Das Cover ist so ikonisch wie ur-amerikanisch: Springsteens Allerwertester in Blue Jeans vor der US-amerikanischen Flagge, dazu ein weißes T-Shirt und ein rotes Baseballcap, die aus der Hintertasche hervorschaut. Mit „Born To Run“ war er 1975 zur Zukunft des Rock’n’Roll erkoren worden, mit „Born In The USA“ zementierte er gute neun Jahre später seinen Status als ungekröntes Oberhaupt des hemdsärmeligen „Heartland Rock“.

Ein Album, das ihn zum Superstar, aber auch zum umstrittenen Symbol machte.  „Ich habe keine Ahnung von Springsteens politischer Einstellung, wenn er denn überhaupt eine hat, aber auf seinen Konzerten werden Flaggen geschwungen, während er über harte Zeiten singt“, beschreibt der konservative US-amerikanische Kolumnist George Will 1985 etwas ratlos seinen Eindruck eines Springsteens-Konzerts, das er auf eine Einladung von E-Street-Band-Schlagzeuger Max Weinberg besuchte.
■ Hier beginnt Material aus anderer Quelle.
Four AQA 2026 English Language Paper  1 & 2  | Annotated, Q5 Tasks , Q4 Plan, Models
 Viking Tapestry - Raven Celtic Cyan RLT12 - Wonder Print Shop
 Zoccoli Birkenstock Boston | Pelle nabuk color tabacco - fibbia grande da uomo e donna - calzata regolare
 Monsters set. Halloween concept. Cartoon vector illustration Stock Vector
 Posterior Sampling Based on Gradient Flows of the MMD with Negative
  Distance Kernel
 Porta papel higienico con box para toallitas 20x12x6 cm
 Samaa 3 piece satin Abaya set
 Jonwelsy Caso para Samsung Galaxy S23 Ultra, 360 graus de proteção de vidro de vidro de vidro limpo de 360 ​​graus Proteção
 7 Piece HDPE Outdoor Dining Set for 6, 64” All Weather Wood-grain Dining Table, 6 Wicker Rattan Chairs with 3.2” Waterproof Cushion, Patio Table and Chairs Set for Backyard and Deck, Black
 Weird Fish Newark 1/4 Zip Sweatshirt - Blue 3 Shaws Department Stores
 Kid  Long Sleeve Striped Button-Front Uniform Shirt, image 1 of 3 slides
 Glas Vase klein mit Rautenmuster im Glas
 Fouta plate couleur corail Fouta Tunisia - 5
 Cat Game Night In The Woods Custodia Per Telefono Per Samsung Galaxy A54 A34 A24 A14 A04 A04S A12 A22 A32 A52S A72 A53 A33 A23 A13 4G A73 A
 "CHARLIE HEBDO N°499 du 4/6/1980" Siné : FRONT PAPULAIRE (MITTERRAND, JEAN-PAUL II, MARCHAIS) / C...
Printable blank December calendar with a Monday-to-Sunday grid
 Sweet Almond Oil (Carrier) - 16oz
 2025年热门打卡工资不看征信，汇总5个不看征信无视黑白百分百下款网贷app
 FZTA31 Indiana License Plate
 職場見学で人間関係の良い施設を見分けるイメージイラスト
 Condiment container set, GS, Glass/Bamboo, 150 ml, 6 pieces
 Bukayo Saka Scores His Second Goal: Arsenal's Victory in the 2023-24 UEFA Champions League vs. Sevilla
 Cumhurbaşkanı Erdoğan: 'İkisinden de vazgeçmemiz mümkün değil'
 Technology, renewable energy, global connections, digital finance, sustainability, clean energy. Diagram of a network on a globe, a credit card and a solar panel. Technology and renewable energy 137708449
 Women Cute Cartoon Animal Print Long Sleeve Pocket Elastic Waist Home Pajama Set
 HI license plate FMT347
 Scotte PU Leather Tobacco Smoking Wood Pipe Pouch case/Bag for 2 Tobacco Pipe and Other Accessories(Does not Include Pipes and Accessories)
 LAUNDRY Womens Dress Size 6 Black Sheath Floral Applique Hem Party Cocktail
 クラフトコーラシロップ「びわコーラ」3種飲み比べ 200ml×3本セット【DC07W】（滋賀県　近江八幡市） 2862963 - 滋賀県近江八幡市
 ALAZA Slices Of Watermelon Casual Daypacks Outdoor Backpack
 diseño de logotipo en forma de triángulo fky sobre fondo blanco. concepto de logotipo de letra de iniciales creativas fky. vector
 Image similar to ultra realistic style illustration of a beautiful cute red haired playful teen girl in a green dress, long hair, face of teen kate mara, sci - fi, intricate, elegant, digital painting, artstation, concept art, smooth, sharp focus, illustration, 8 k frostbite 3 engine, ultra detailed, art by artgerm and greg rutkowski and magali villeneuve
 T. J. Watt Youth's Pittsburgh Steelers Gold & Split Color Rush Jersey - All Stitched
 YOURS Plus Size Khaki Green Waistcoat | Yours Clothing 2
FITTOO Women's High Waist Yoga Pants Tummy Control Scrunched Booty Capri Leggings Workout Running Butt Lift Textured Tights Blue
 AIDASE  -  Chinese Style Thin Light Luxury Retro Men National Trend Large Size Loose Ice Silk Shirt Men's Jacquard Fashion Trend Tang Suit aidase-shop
Und weiter: „Er ist keine Heulsuse, und der Vortrag über geschlossene Fabriken und andere Probleme wird immer von einer großen, freudvollen Affirmation unterbrochen: Born In The U.S.A.“.

„Vietnam war der Arbeitstitel“

Es ist 1984, Ronald Reagan sieht dem Ende seiner ersten Amtszeit als US-amerikanischer Präsident entgegen. Den Schwur zu seiner zweiten Periode leistet er im Januar des darauffolgenden Jahres. Der Kalte Krieg ist in vollem Gange, genau so wie die Dreharbeiten zum zweiten Teil von „Rambo“. An dem Stück „Born In The U.S.A.“ arbeitet Springsteen bereits seit den Sessions zu „Nebraska“, der Titelsong entsteht eigentlich aus einer Auftragsarbeit für einen Film von Paul Schrader heraus.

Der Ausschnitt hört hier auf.